WBBK-FM
- Blakely, Georgia; United States;
- Broadcast area: Dothan, Alabama
- Frequency: 93.1 MHz
- Branding: Magic 93.1

Programming
- Format: Urban Adult Contemporary
- Affiliations: ABC Radio

Ownership
- Owner: Robert H. Holladay; (Alabama Media, LLC);

Technical information
- Licensing authority: FCC
- Facility ID: 41207
- Class: C2
- ERP: 45,000 watts
- HAAT: 100 meters (330 ft)
- Transmitter coordinates: 31°17′55″N 85°03′18″W﻿ / ﻿31.29861°N 85.05500°W

Links
- Public license information: Public file; LMS;
- Website: http://mymagic93.com

= WBBK-FM =

Radio station in Blakely, Georgia, serving Dothan, Alabama

WBBK-FM (93.1 FM, "Magic 93.1") is a radio station licensed to serve Blakely, Georgia, United States.

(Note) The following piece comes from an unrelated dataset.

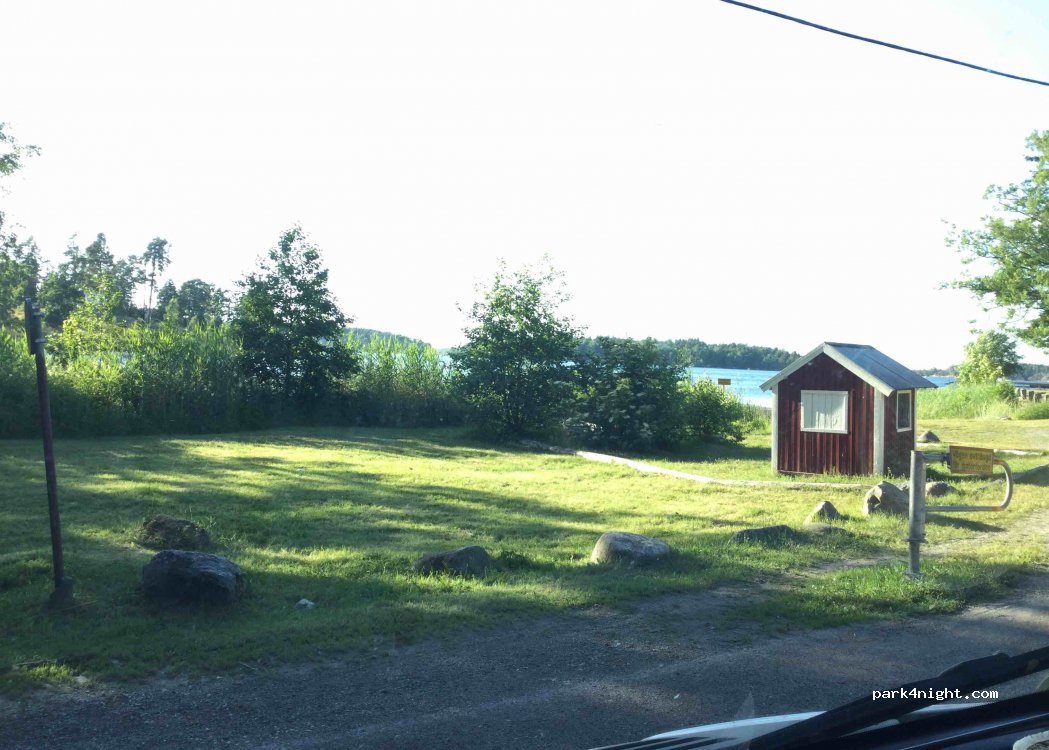 (139 90) Värmdö - 108 Lillsvedsvägen — foto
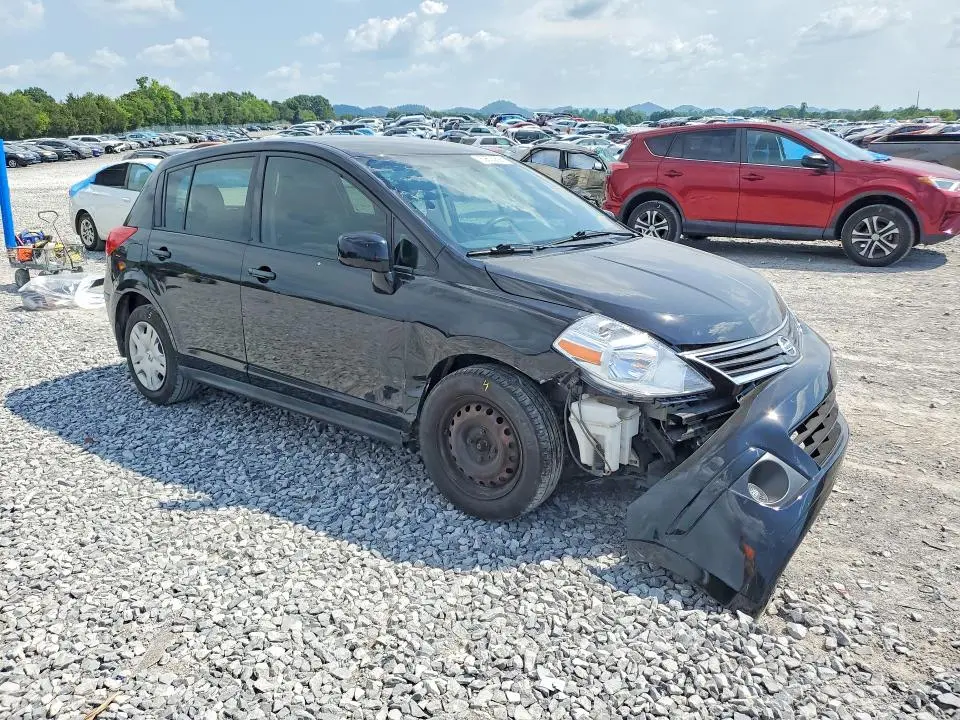 2011 NISSAN VERSA 1.8 S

The station is owned by Robert H. Holladay, through licensee Alabama Media, LLC.

It broadcasts an urban adult contemporary music format to the Dothan, Alabama, area. WBBK-FM features programming from ABC Radio.

In November 2011, Magic Broadcasting and its Magic Broadcasting Alabama Licensing LLC subsidiary sold the station to Alabama Media Investments, LLC. Alabama Media Investments subsequently sold WBBK-FM to Robert Holladay's Alabama Media, LLC for $260,000; the transaction was consummated on February 28, 2013.